The Home Office’s top civil servant, Sir Philip Rutnam, has resigned and announced plans to sue the government for constructive dismissal after a series of clashes with the home secretary, Priti Patel.

Rutnam was emotional as he said he would step down after 33 years because he had become the “target of vicious and orchestrated campaign against him,” which he accused Patel of orchestrating.

The Labour leadership contender Sir Keir Starmer demanded that Patel attend parliament on Monday to explain herself and called for the cabinet secretary, Mark Sedwill, to investigate the circumstances surrounding Rutnam’s departure.

Rutnam, the former permanent secretary, said he had been accused of briefing the media against Patel, an accusation he said was completely false.

“The home secretary categorically denied any involvement in this campaign to the Cabinet Office. I regret I do not believe her,” he said. “She has not made the efforts I would expect to disassociate herself against from the comments.”

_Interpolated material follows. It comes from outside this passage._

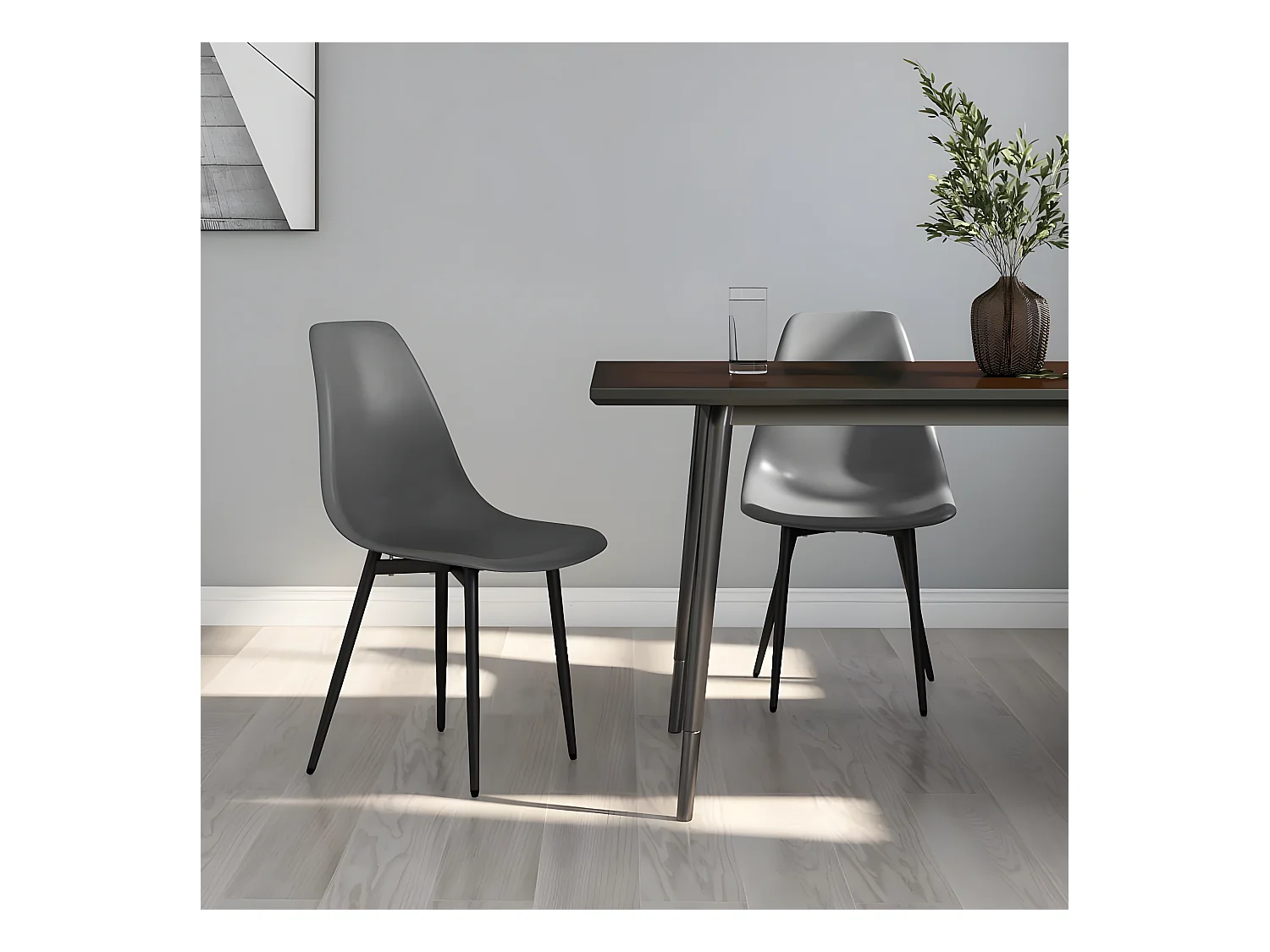 Eetkamerstoelen 2 st PP grijs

Related: Priti Patel: how the bullying allegations unfolded

Rutnam said he had tried to reconcile with Patel at the request of the cabinet secretary and Boris Johnson. “But despite my efforts to engage with her, Priti Patel has made no efforts to engage with me to discuss this,” he said.

He said this gave him very strong grounds to claim for constructive dismissal, which he would be pursuing in the courts. He said his treatment was “part of a wider pattern in government”.

The simmering tensions between Patel and her permanent secretary surfaced last weekend with various reports about a rift between the two. Rutnam made light of those reports when he appeared at a police summit in London on Thursday, saying: “You probably have already heard a great deal more about permanent secretaries in the last few days than you ever expected to.”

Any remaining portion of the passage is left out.